## What is needed
Leaving out all pictures, restate word for word the lines from the one with "Custom Fox Metal" through the last line of the entries.

Brief descriptive captions
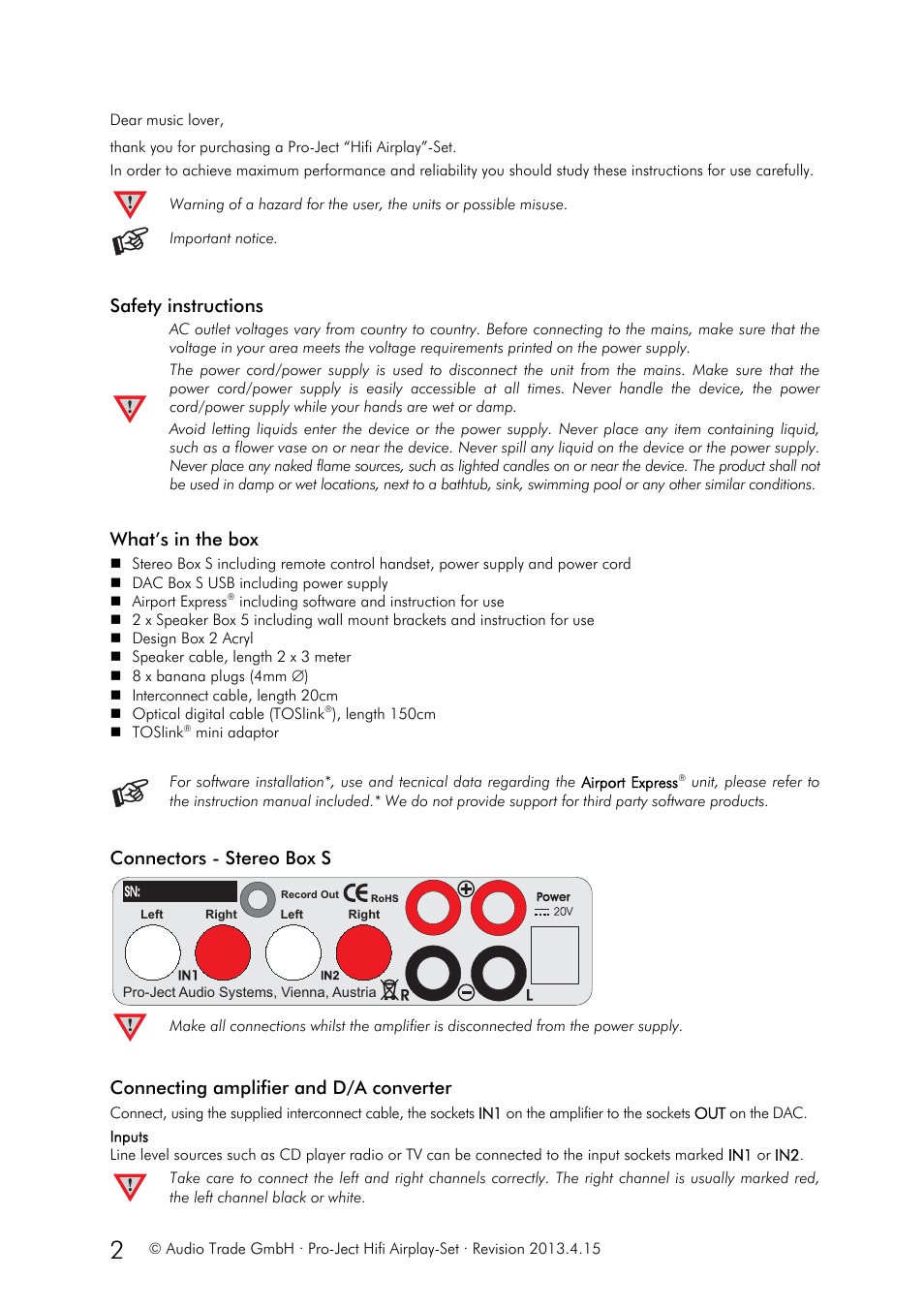 Pro-Ject Audio Systems Set Hifi-Airplay User Manual | Page 2 / 7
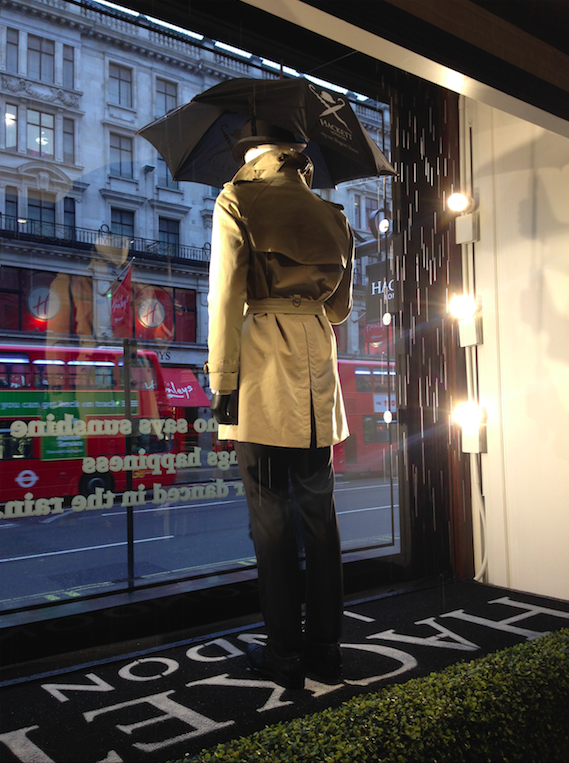 HarlequinLondon's tweet photo. A preview of @HackettLondon's exquisite #RainWindow on @RegentStreetW1 @jonathanbaker1; @retailfocus; video to follow http://t.co/jXb604CmrH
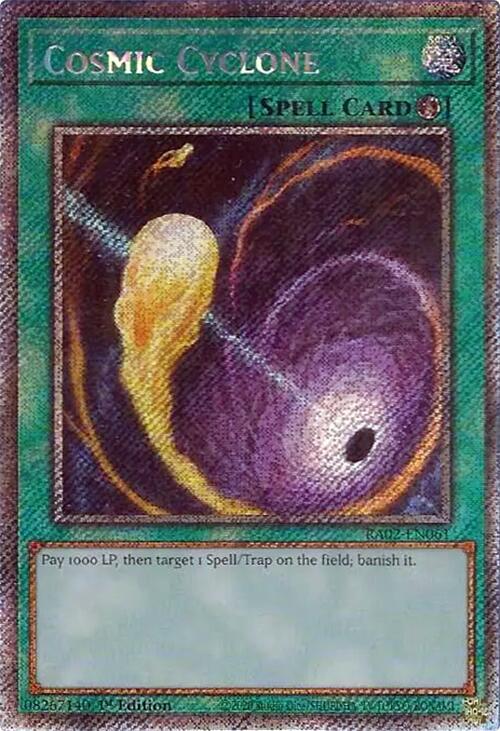 Cosmic Cyclone (Platinum Secret Rare) RA02-EN061 card from 25th Anniversary Rarity Collection II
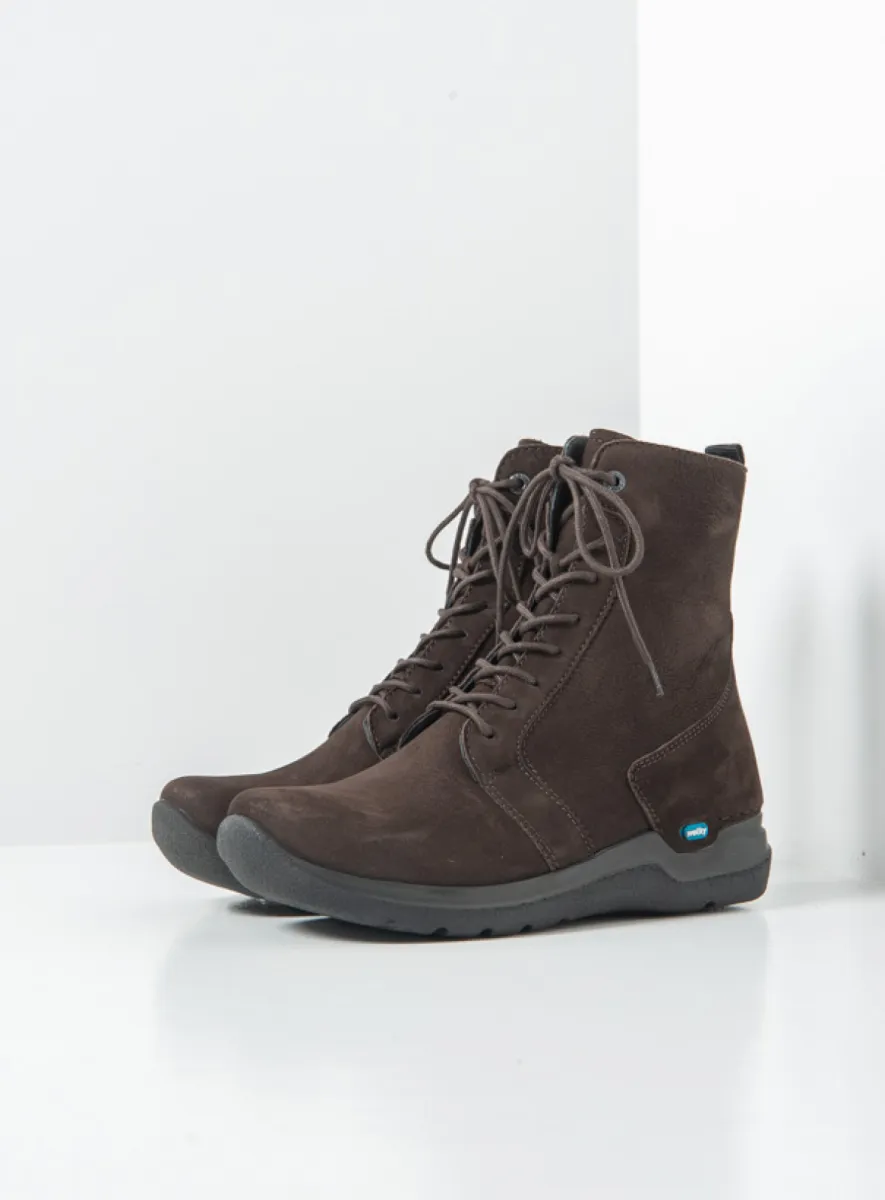 Wolky Hoge veterschoenen 06632 Viper HV 10300 bruin nubuck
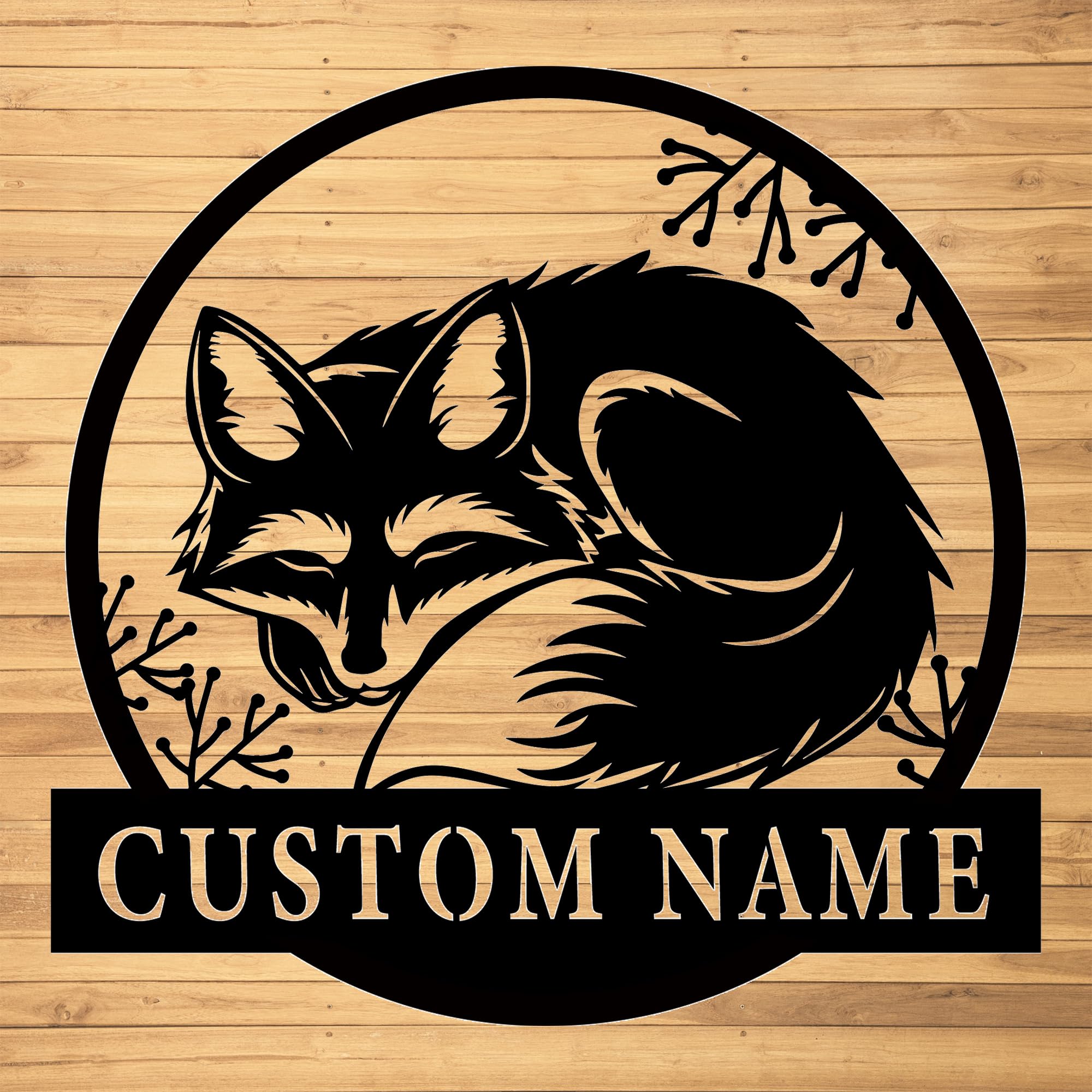 Custom Fox Metal Wall Art - Personalized Fox Name Signs - Housewarming Gift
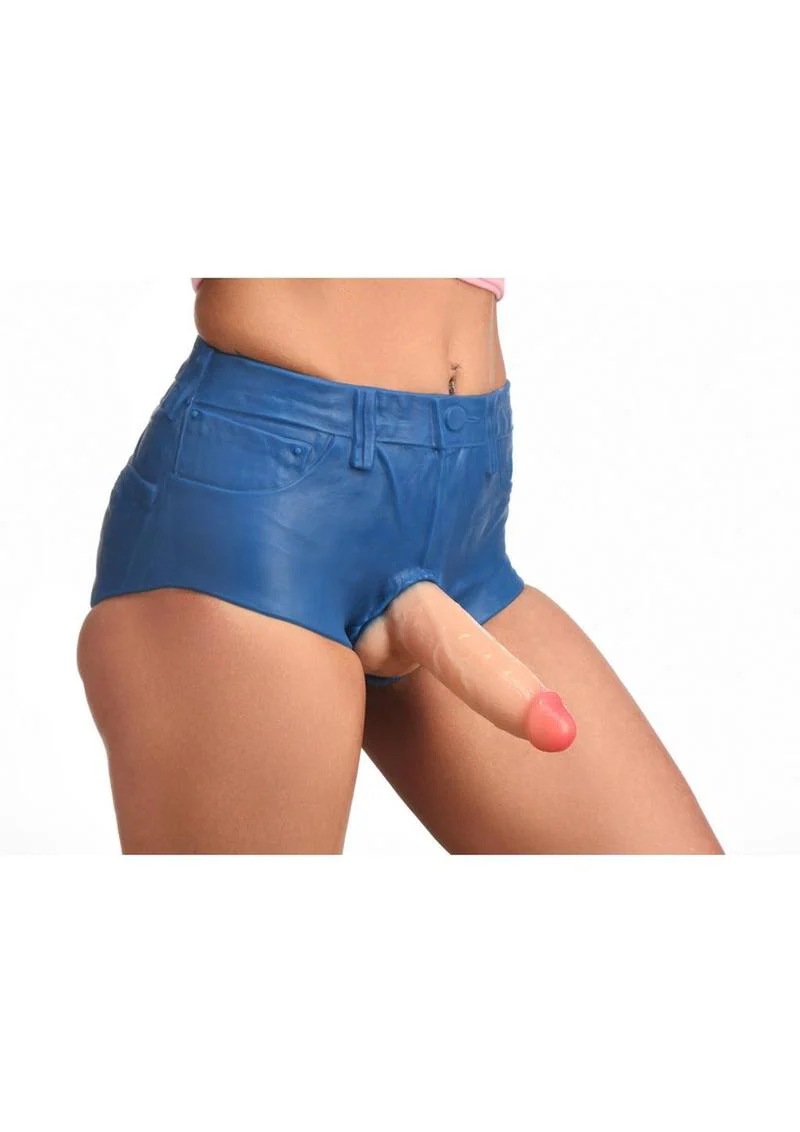 Strap U Booty Shorts Strap-On Harness with 6 Inch Silicone Dildo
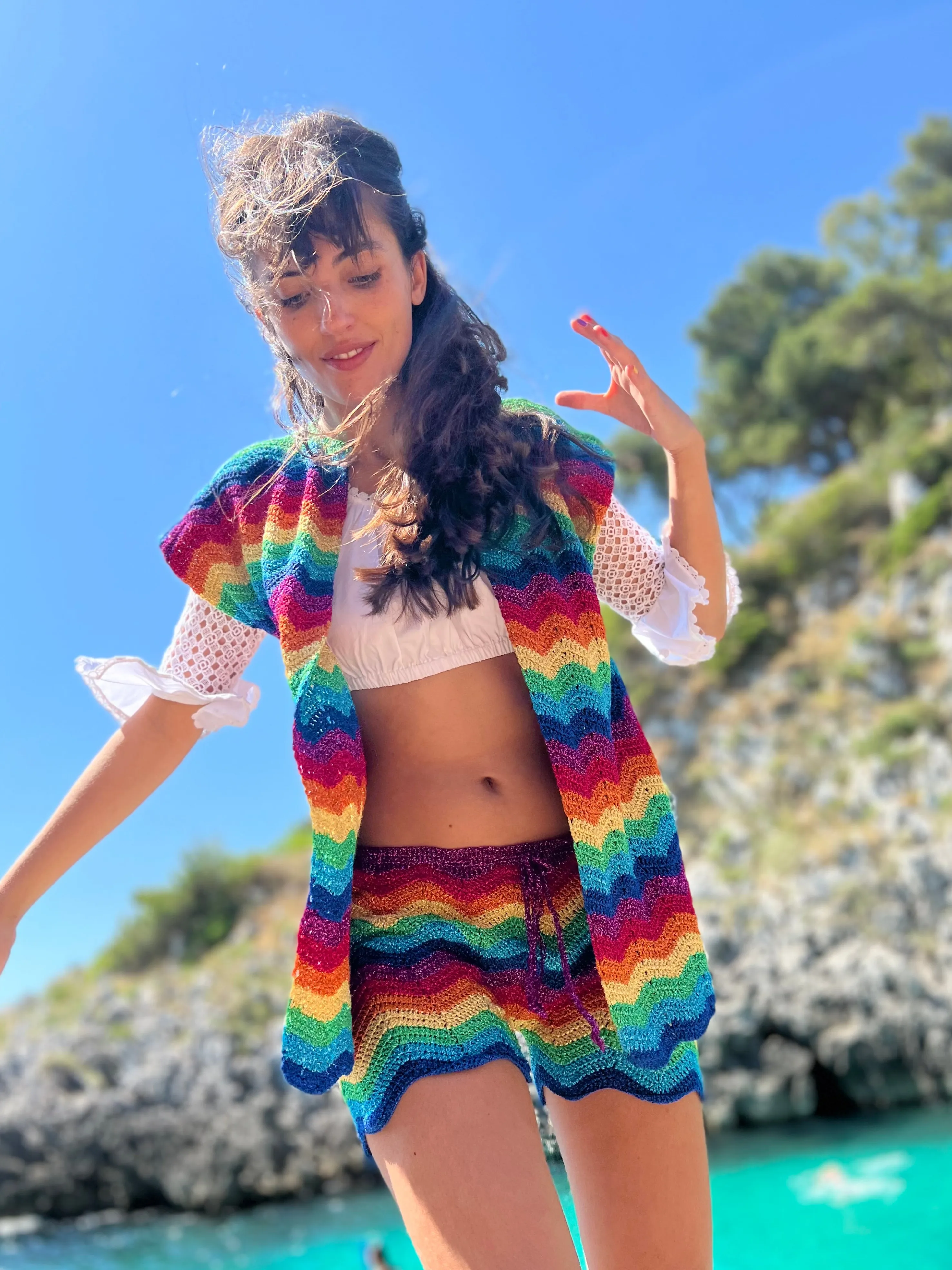 Rose Carmine Bottoms-MULTICOLOR WAVE LUREX SHORT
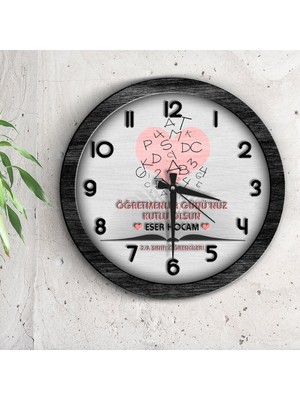 BK Kişiye Özel Öğretmenler Günü Ahşap Duvar Saati - 3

## Response to this task
 Custom Fox Metal Wall Art - Personalized Fox Name Signs - Housewarming Gift
 Strap U Booty Shorts Strap-On Harness with 6 Inch Silicone Dildo
 Rose Carmine Bottoms-MULTICOLOR WAVE LUREX SHORT
 BK Kişiye Özel Öğretmenler Günü Ahşap Duvar Saati - 3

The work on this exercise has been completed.